=== Task statement ===
Carry none of the pictures over; write out the complete data exactly.

=== Recorded information ===
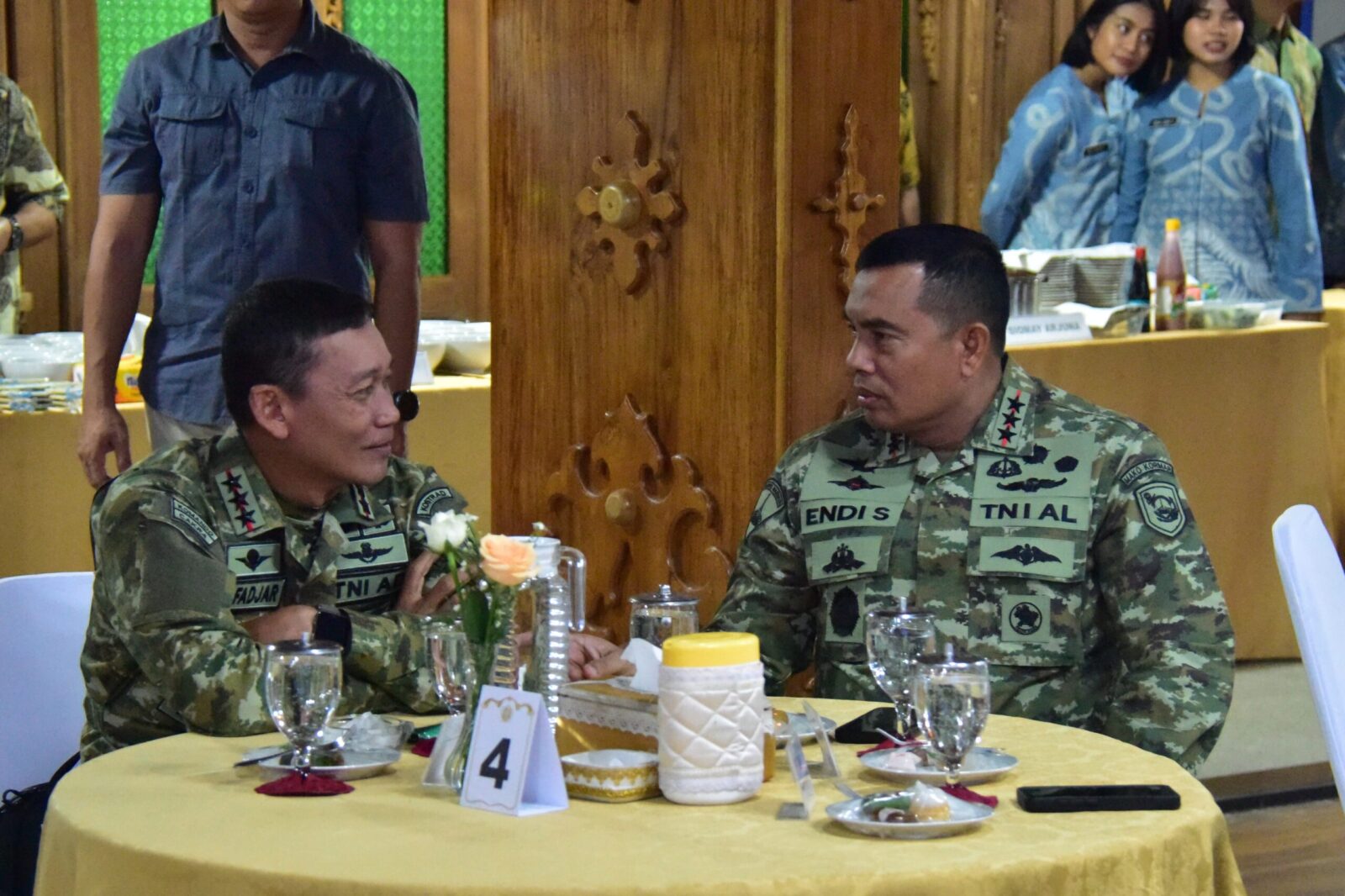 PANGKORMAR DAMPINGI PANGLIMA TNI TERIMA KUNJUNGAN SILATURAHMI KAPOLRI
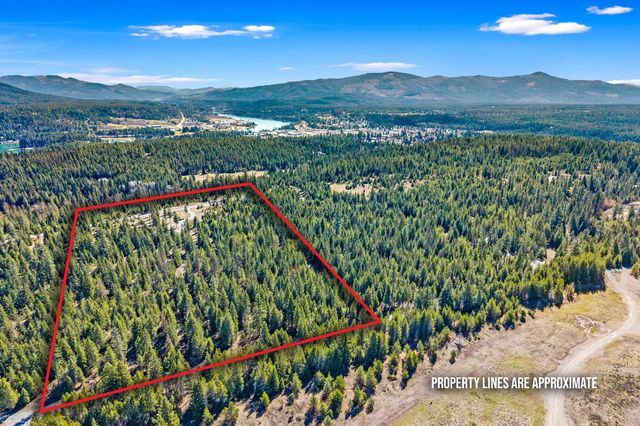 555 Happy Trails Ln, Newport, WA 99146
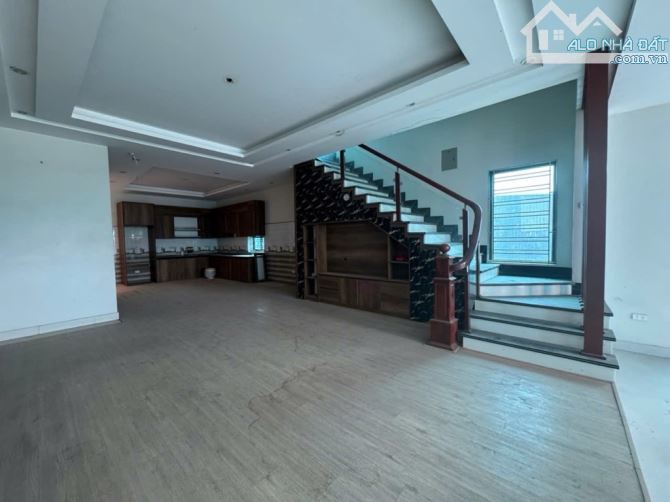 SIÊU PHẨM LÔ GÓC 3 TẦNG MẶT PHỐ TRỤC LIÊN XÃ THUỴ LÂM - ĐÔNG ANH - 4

=== Task answer ===
 PANGKORMAR DAMPINGI PANGLIMA TNI TERIMA KUNJUNGAN SILATURAHMI KAPOLRI
 555 Happy Trails Ln, Newport, WA 99146
 SIÊU PHẨM LÔ GÓC 3 TẦNG MẶT PHỐ TRỤC LIÊN XÃ THUỴ LÂM - ĐÔNG ANH - 4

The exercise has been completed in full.